Exercise description:
Nothing but the text of the listing, repeated exactly, belongs in the answer; leave the images out.

Supplied material:

((

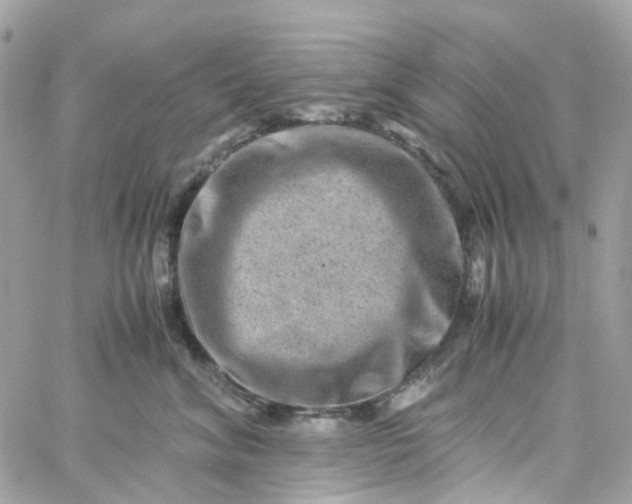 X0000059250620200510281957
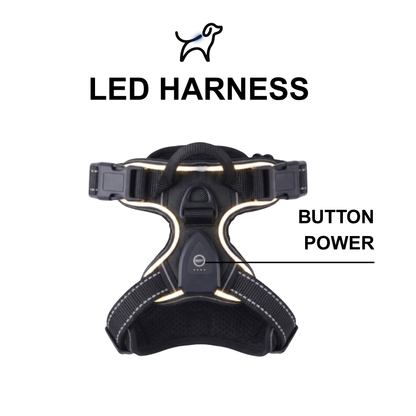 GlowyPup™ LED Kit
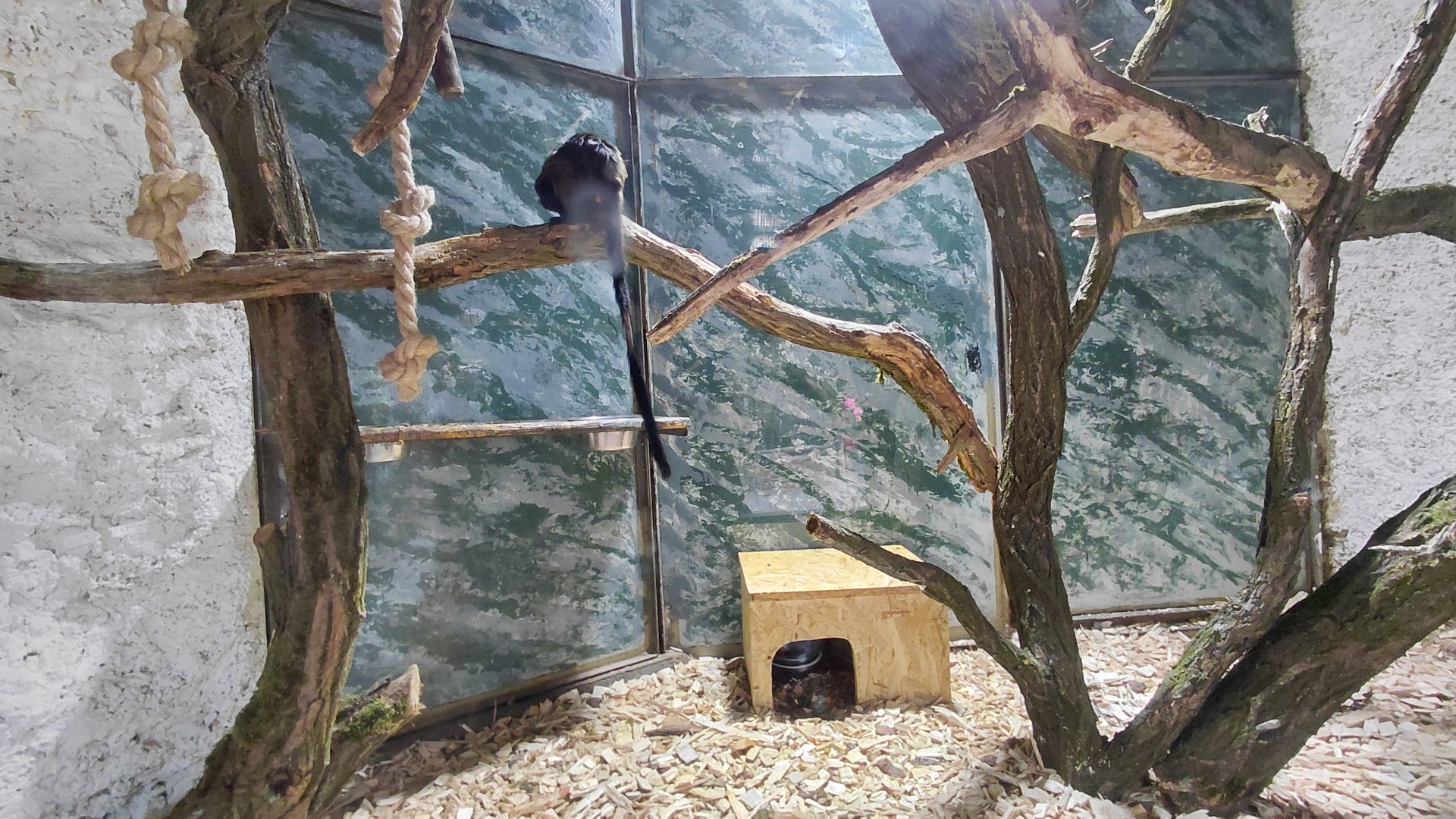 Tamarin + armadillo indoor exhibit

))

Output of the task:
 X0000059250620200510281957
 GlowyPup™ LED Kit
 Tamarin + armadillo indoor exhibit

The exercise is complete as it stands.